# Nomex High Temp



## james gordon (Apr 24, 2014)

Has anyone used Nomex High Temp insulation tape.Good reviews on Amazon but not much from OKJ owners. Sounds like something I would like to try but would like to see if OKLAHOMA JOE'S owners have had success with it.


----------



## daveomak (Apr 24, 2014)

I sent you a PM with a "one size fits all" gasket supplier....


----------



## james gordon (Apr 24, 2014)

Thanks Dave.


----------



## ricka77 (Apr 25, 2014)

Hmmm...  so is the Nomex stuff, no good?  I have being delivered today, a 15' roll of self-stick Nomex supposedly made for the WSM, from Island Outdoors, off of Amazon.  I found a few kits, but some of the reviews stated the kits were just rolls of the same stuff, pre-cut into common dimensions.  

I plan on applying it early next week, and then starting to work on controlling my temps, so I can start smoking some meat.  I was going to put some around the door, and the top-bottom rings.  I did a charcoal only burn the day I got it setup, and that's where I saw smoke pouring out from.  Not real bad, but if I can seal it off to have more consistency, that was my thinking for the gasket.


----------



## ricka77 (Apr 25, 2014)

Also to note, the Nomex I bought being self stick, didn't come with any RTV..  Is that something I'll need?  I did see some kits that offered, but others didn't...


----------



## caesars0331 (Apr 25, 2014)

My supplier suggested I use a 1/2" x 1/8" fiberglass strip instead of nomex for my firebox application.  Both come with a self adhesive backing, fyi.


----------



## daveomak (Apr 25, 2014)

Nomex is what racing fire suits are made of.....    If they include a self adhesive strip, I would think it will hold in the heat...  If everything fails, use some high temp silicone.....    Be sure to clean the surface where the adhesive is going....   Use acetone or MEK or Goof-Off....


----------



## ricka77 (Apr 25, 2014)

Cool.  Looks like I got the right stuff.  It says the adhesive is "genuine Lavalock technology.  The smoker has only had one charcoal burn so far, so a quick alcohol rub down should clean her up nicely.  I'll stick her on as soon as I get 24 hours +- of good weather.  It's nice in MA now, but we have 5-7 days of rain and crap coming.  I have no room inside so it can cure, and I don't plan on using it right away so I'll wait and let it cure properly...


----------



## james gordon (May 9, 2014)

Got my nomex from Amazon.Good stuff,easy to apply .Applied to smoker chamber and FB doors .No more smoke leaks.Will see how it holds up especially around FB.Thanks for all the advice on this


----------



## 5oclocksomewher (May 9, 2014)

I have the tape around cooking chamber and it's holding up well.  I'm not sure it will withstand heat of the firebox, please let us know.


----------



## james gordon (May 9, 2014)

I will do so.First test tomorrow morning.


----------



## ricka77 (May 12, 2014)

I applied the Nomex stuff this past weekend.  So far so good, but be careful putting it on as the backing is very sticky and doesn't like to be pulled off.  In fact, I was unable top adjust one area it went on, so the middle cylinder actually sits slightly cockeyed, but I can deal with that, less than 2 degrees off.
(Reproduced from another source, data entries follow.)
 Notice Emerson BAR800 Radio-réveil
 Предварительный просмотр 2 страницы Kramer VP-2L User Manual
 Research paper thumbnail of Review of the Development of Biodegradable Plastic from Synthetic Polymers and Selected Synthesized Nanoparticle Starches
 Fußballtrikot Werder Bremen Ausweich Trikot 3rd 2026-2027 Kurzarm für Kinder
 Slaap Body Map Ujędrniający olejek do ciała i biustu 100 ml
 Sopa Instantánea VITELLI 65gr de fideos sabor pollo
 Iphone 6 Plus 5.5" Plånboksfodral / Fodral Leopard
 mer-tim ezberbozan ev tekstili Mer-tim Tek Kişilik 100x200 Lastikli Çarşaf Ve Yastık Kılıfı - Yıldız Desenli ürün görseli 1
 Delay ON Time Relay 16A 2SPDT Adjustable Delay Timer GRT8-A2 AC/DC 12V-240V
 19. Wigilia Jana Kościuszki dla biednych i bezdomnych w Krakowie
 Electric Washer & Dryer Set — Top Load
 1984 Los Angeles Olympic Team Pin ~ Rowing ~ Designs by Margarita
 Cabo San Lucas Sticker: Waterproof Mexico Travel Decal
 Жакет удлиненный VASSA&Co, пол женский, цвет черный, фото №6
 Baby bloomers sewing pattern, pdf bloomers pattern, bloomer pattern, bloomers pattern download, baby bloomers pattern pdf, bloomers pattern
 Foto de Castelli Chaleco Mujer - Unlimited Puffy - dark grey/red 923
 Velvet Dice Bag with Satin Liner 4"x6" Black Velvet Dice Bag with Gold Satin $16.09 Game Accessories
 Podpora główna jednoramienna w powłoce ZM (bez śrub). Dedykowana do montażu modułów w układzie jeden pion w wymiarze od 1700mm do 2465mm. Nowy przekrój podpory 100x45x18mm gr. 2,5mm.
It went on the door area, ring around the top, and also on the bottom of the middle piece, which is where I screwed up.

Overall, it did a great job of sealing.  Virtually no smoke coming out anywhere, except bottom of the door where I didn't apply any.  I was able to, after figuring out the vents a bit, keep it between 220 and 230 for over 3 hours without checking it.  My Maverick 703 told me where I was at for temp, so maybe one more burn to season with some fatty meats and I'll have total control.


----------